The executable is called as follows: hashcheck <command filename>. Each command file initializes a hash table from a dictionary on the first line:
- CHAIN filename: Count words in filename, compute appropriately-size hash table, call constructor of Chain_String_HT class which uses separate chaining for collision resolution, and insert every word into that hash table. Chains are implemented with STL vector class. Only output is printing the dictionary hash table's WORD_COUNT TABLE_SIZE followed by a newline
- PROBE filename: Same as previous command but call constructor for Probe_String_HT class which uses quadratic probing for collision resolution. This scheme should use lazy deletion and follow the probing sequence f(1) = +1, f(2) = -4, f(3) = +9, f(4) = -16, and so on.
The initialization line is followed by 0 or more 1-argument "commands" (one per line) which will trigger calls to member functions of the hash table object:
- INSERT word: Insert word into hash table following appropriate collision scheme. Update word count and table size variables as necessary. If the word is already in the table, don't insert a duplicate. If the new load factor would be >= MAX_LOAD then re-hash by calling expand_and_rehash(). Once again, only output (after the insertion and bookkeeping) WORD_COUNT TABLE_SIZE
- REMOVE word: Remove word from hash table if it is there. Again output (after the removal and bookkeeping) WORD_COUNT TABLE_SIZE
- FIND word: If word is found in hash table, do and print nothing. If word is NOT found, print WORD NUM_COLLISIONS
- SPELLCHECK filename: Find every word in the file filename and store all NOT found words and the associated number of collisions in the badwords STL map. Then print size of badwords on its own line and iterate through badwords, printing every WORD NUM_COLLISIONS pair
2. Programming tasks
All of the file reading and command parsing described above is handled for you.
The Chain_String_HT constructor and print() functions are written for you. You will have to write the constructor for Probe_String_HT, but print() is optional -- you might find it useful for debugging.
These functions should be written by you in both Chain_String_HT and Probe_String_HT and will be directly tested. The Chain version and the Probe version of each function will be worth half of the points below.
- [1 points] void insert(string)
- [1.5 points] void remove(string)
- [1 point] bool find(string, int &) (the second argument is num_collisions, allowing you to report back how many iterations collision resolution required)

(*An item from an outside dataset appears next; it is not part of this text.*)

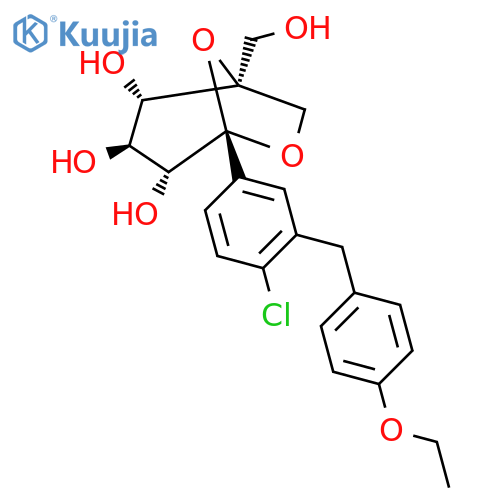 Ertugliflozin structure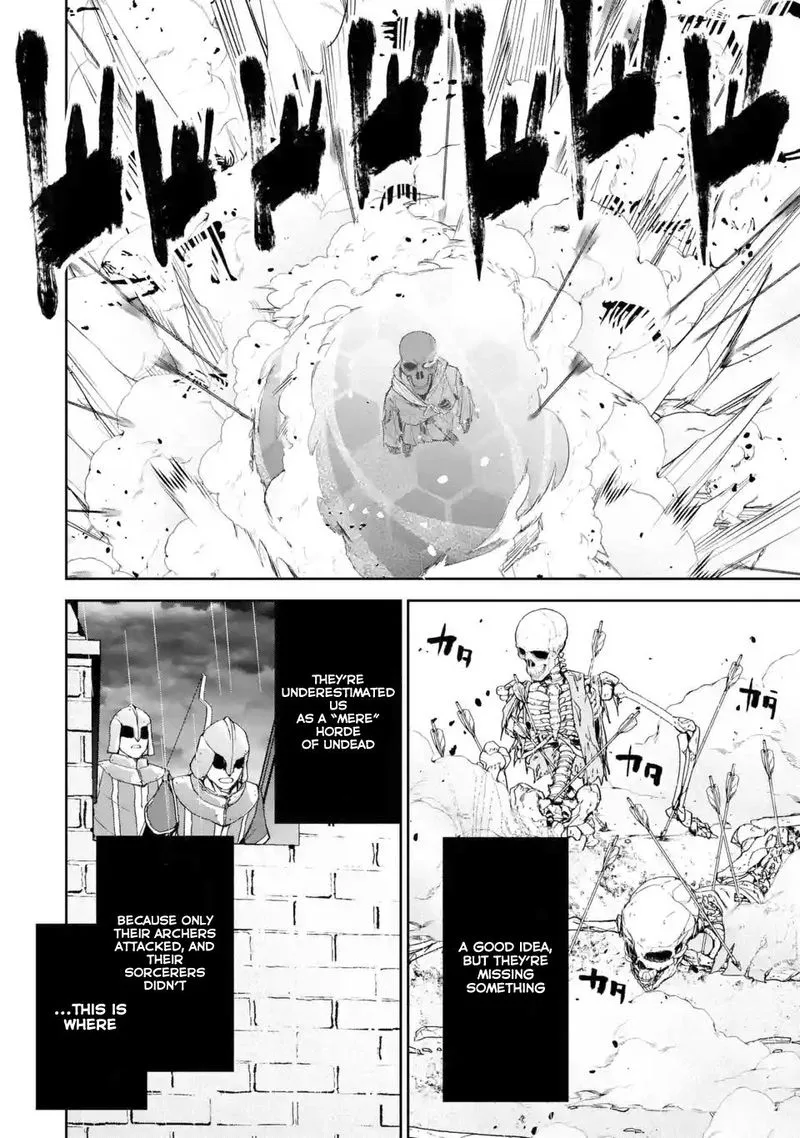 Shokei Sareta Kenja wa Lich ni Tensei Shite Shinryaku Sensou o Hajimeru Chapter 2 page 13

- [1.5 points] expand_and_rehash()
You may work with a (human) partner on this lab. AI is allowed for the expand_and_rehash() function only
3. Submission
Submit 2 files to Gradescope: (1) your README and (2) your modified main.cpp. The README should contain your name, complete declarations of AI use, notes on any limitations or issues with your code, and your interpretation of any ambiguities in the assignment instructions. main.cpp should also contain your name and per-function comments on AI usage.